Task to complete: Your output should be the lines from the one containing "Chameleon Mica Powder: Color-Shift Pigment" through the last line below, both ends included, exactly as written and free of pictures.

Material for this task:
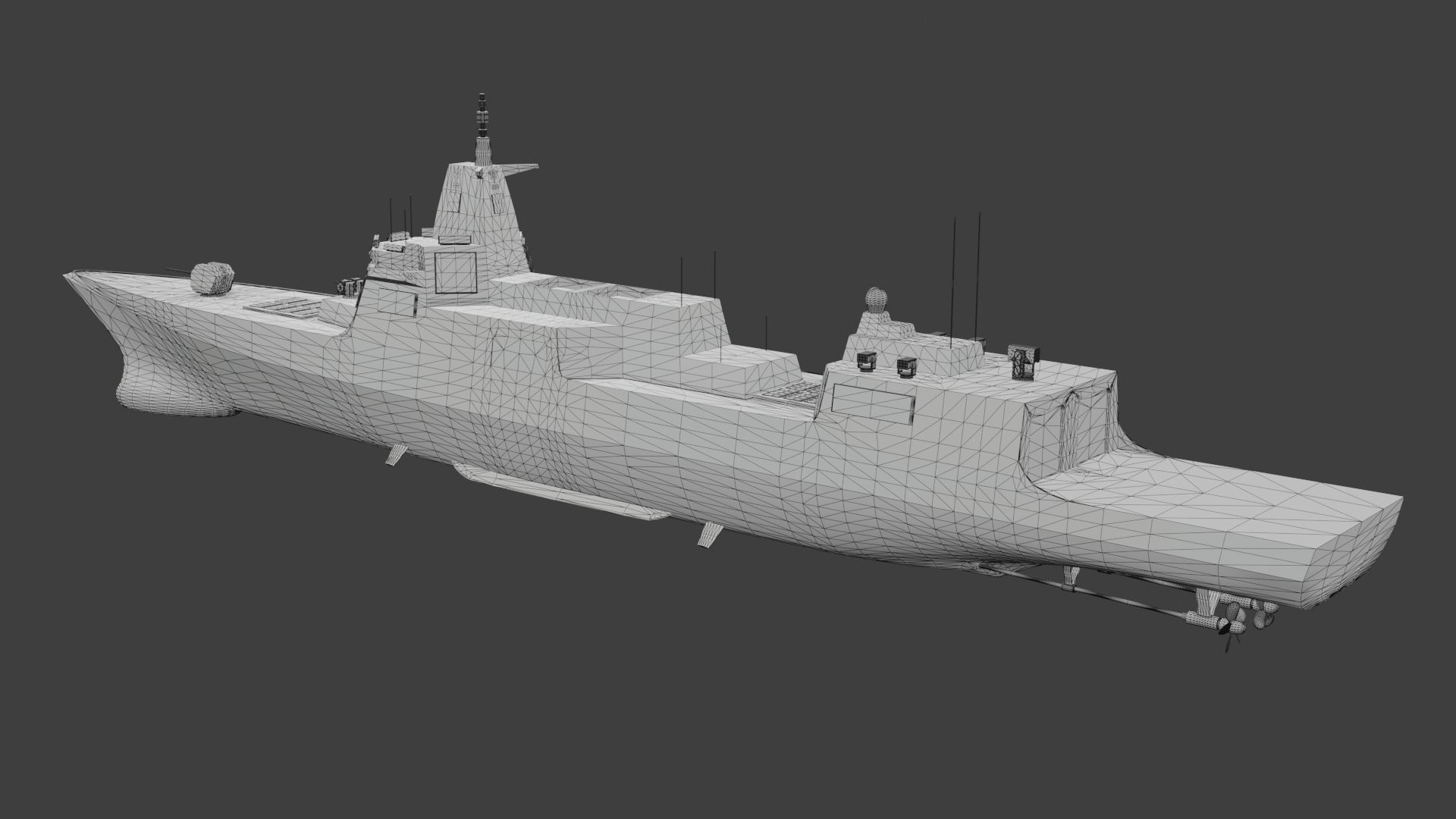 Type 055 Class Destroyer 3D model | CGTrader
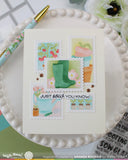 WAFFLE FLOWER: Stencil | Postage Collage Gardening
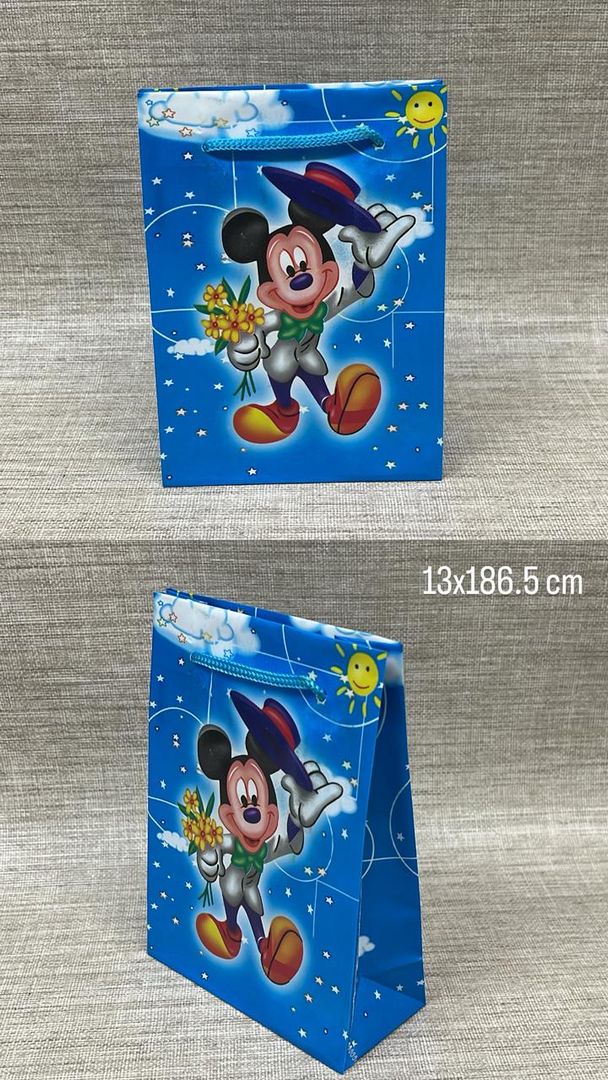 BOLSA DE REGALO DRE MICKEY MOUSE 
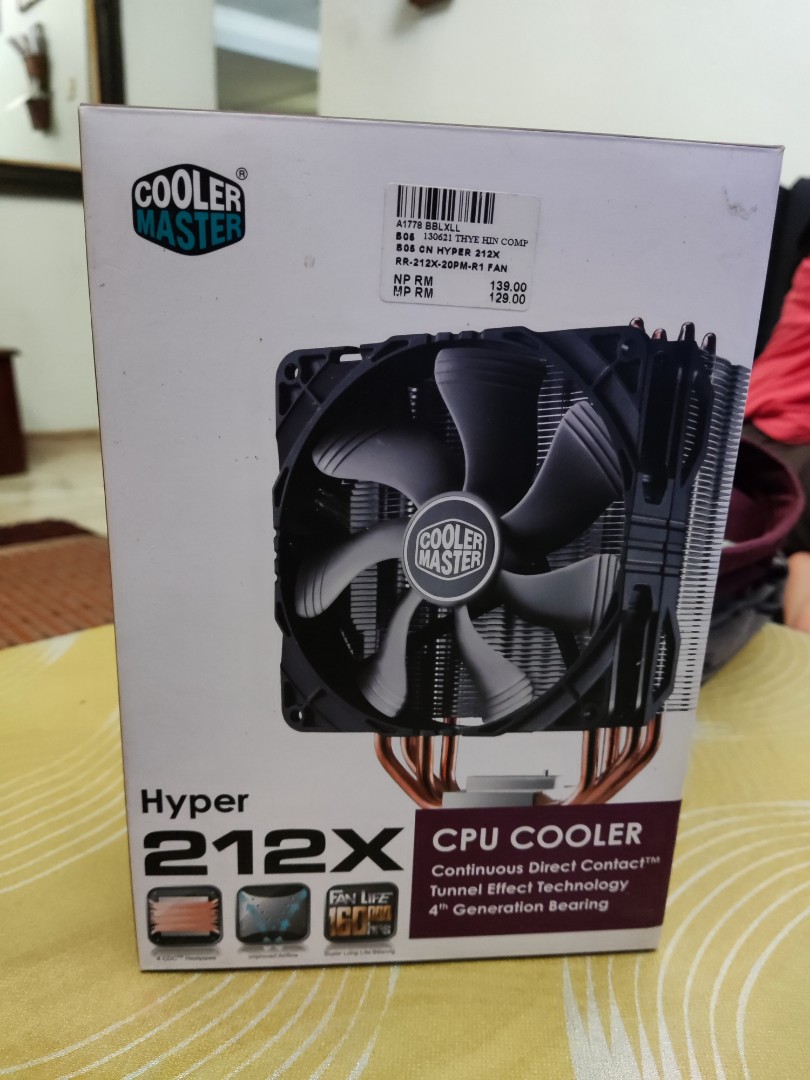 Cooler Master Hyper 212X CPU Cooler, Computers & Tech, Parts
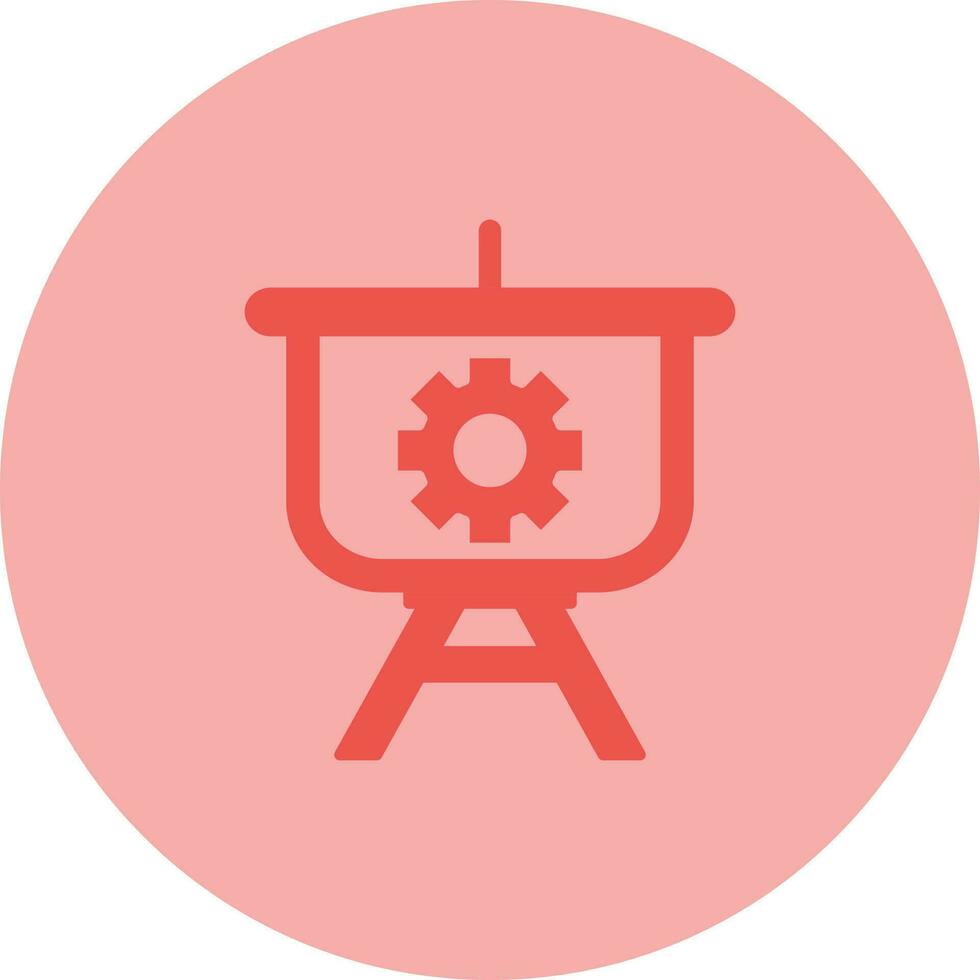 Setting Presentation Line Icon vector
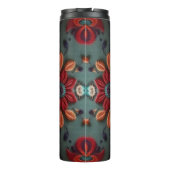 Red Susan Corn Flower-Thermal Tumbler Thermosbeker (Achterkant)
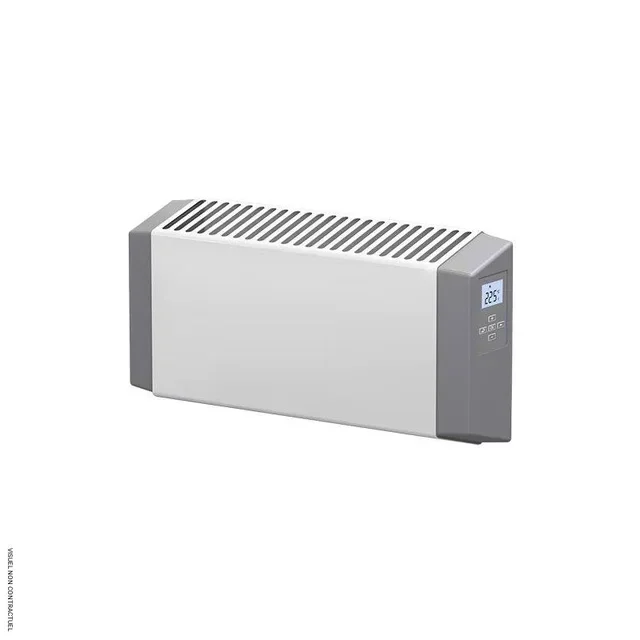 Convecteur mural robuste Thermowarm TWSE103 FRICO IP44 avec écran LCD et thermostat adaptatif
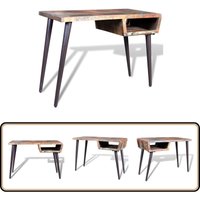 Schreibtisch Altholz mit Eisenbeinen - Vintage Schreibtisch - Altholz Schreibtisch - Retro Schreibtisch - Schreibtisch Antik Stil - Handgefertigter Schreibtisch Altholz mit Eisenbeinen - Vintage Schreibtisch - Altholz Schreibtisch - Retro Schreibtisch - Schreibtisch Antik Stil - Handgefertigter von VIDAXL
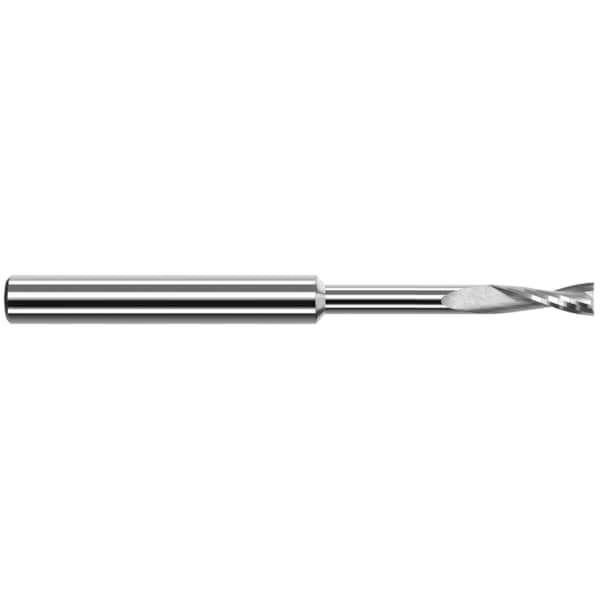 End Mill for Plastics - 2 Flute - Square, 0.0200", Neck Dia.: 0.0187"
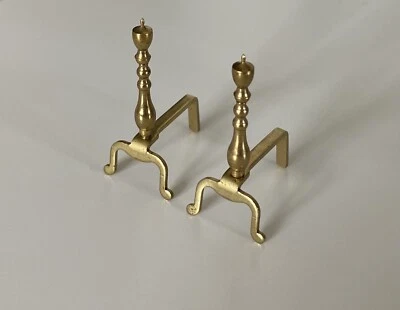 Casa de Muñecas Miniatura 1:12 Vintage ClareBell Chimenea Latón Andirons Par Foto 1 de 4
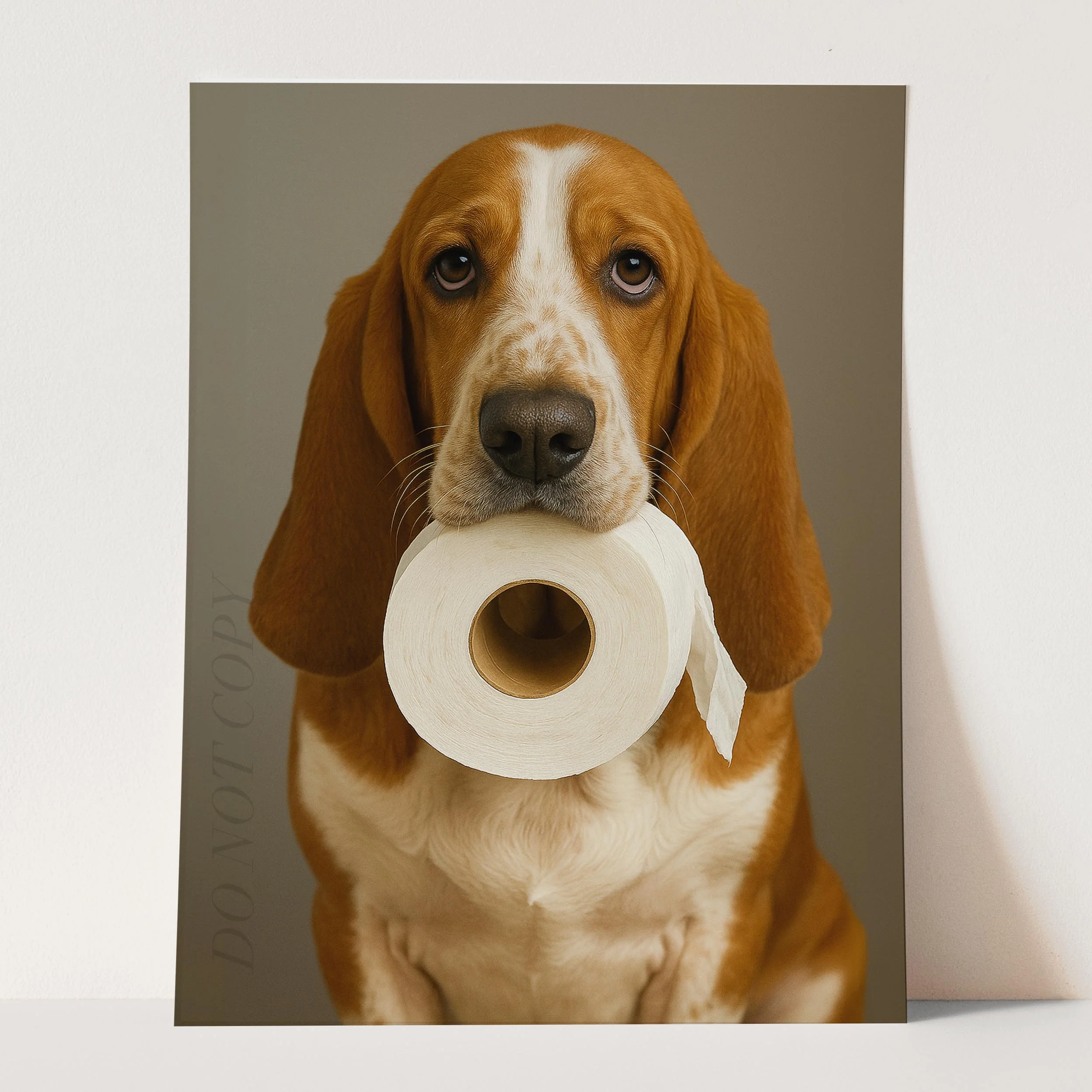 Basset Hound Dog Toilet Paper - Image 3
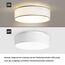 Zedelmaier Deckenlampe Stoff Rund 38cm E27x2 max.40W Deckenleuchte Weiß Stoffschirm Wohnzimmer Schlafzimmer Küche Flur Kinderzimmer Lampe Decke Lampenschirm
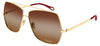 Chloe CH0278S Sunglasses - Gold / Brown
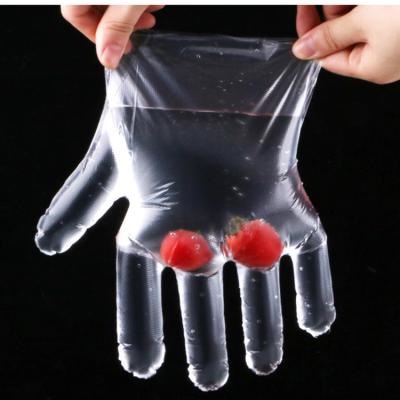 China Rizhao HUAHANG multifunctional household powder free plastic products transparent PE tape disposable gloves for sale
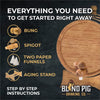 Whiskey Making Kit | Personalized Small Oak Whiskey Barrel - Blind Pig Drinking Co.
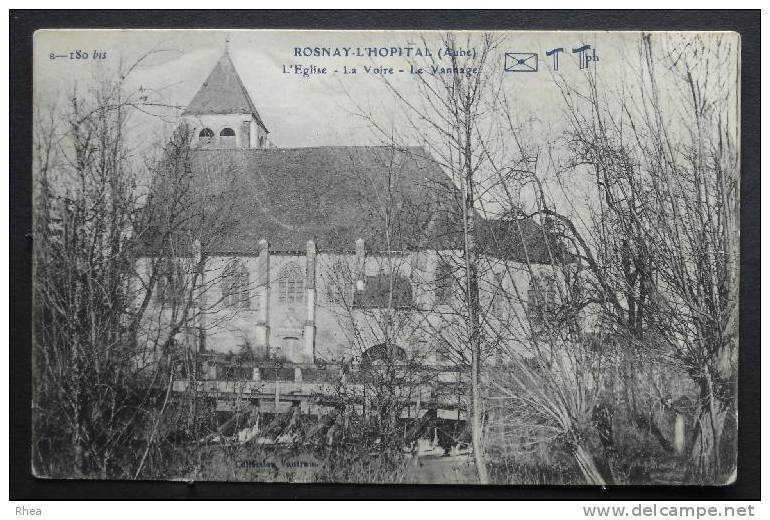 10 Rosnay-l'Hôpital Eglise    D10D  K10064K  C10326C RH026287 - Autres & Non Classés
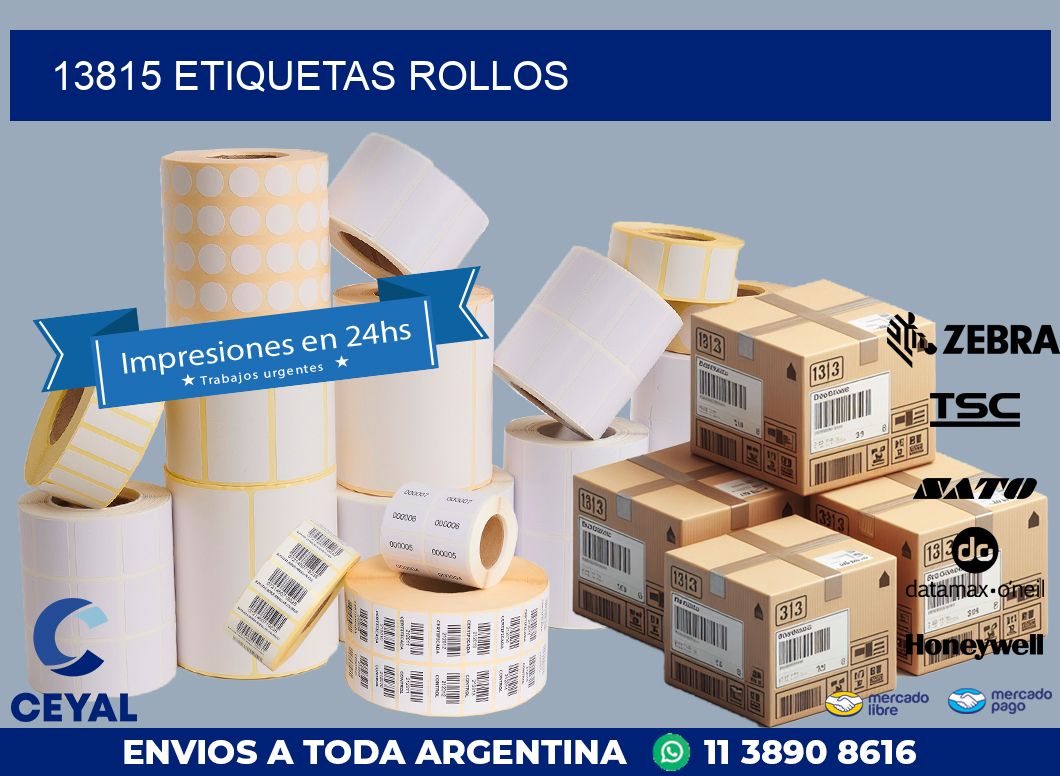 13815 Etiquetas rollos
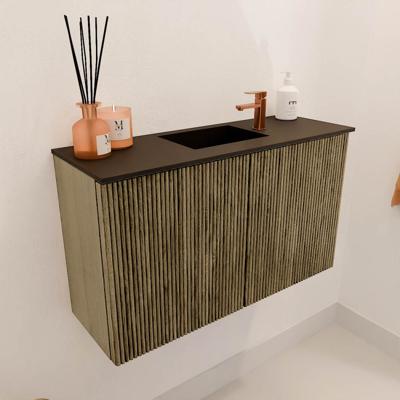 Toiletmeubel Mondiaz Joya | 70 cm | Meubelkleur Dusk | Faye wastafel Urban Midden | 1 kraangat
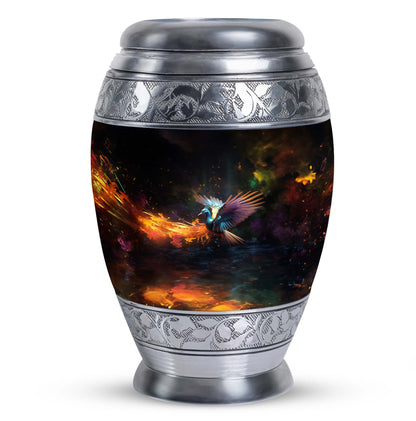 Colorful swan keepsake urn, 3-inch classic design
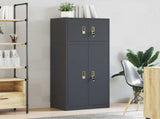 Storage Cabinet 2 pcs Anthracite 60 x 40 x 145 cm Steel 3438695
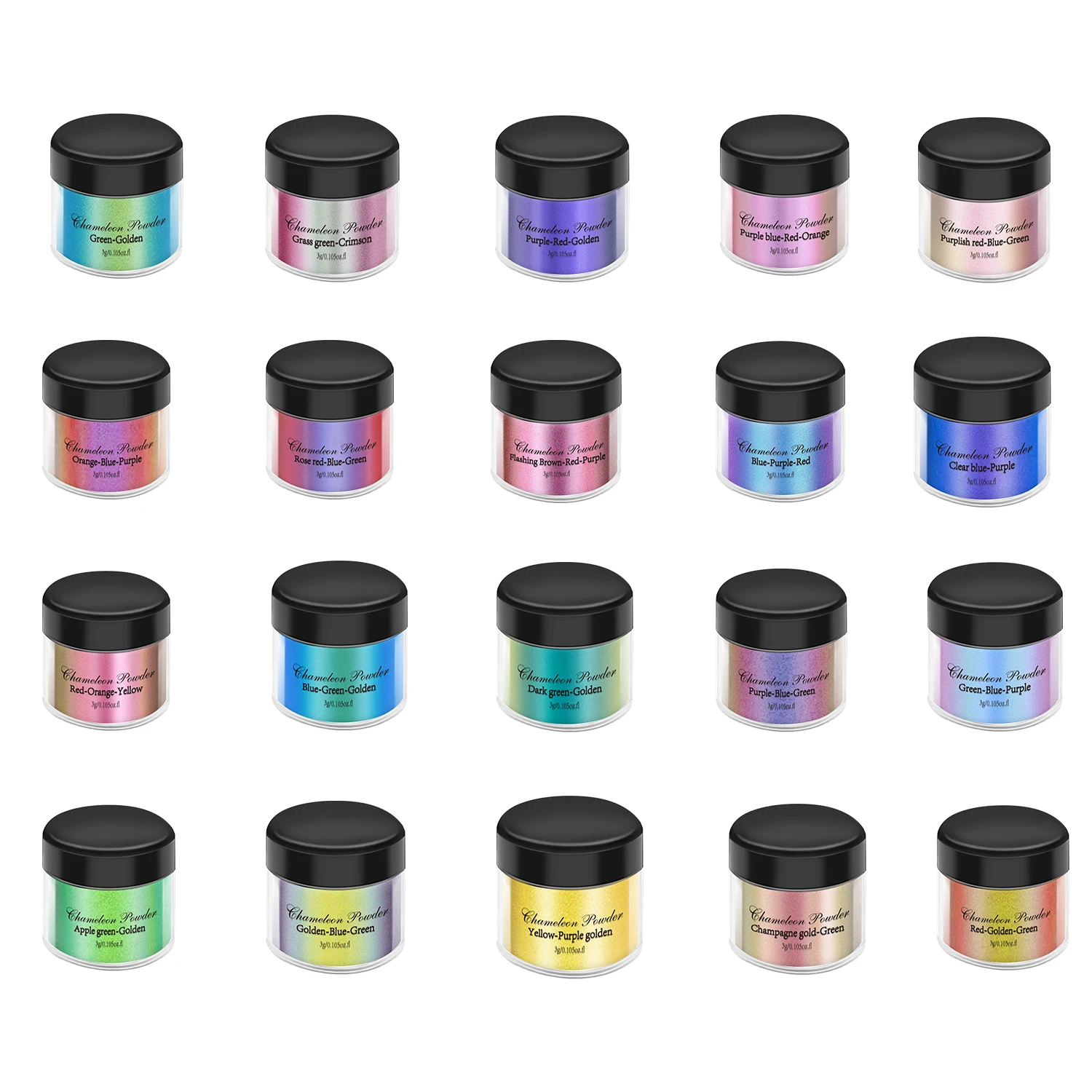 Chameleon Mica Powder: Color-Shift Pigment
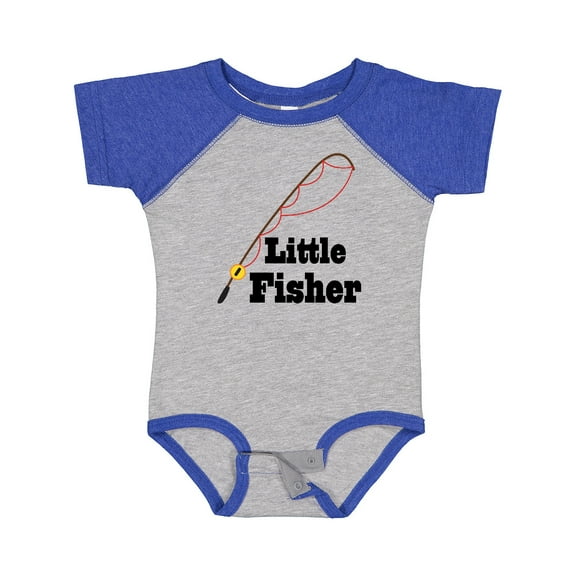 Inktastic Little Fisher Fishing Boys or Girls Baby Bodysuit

Expected output:
 Chameleon Mica Powder: Color-Shift Pigment
 Inktastic Little Fisher Fishing Boys or Girls Baby Bodysuit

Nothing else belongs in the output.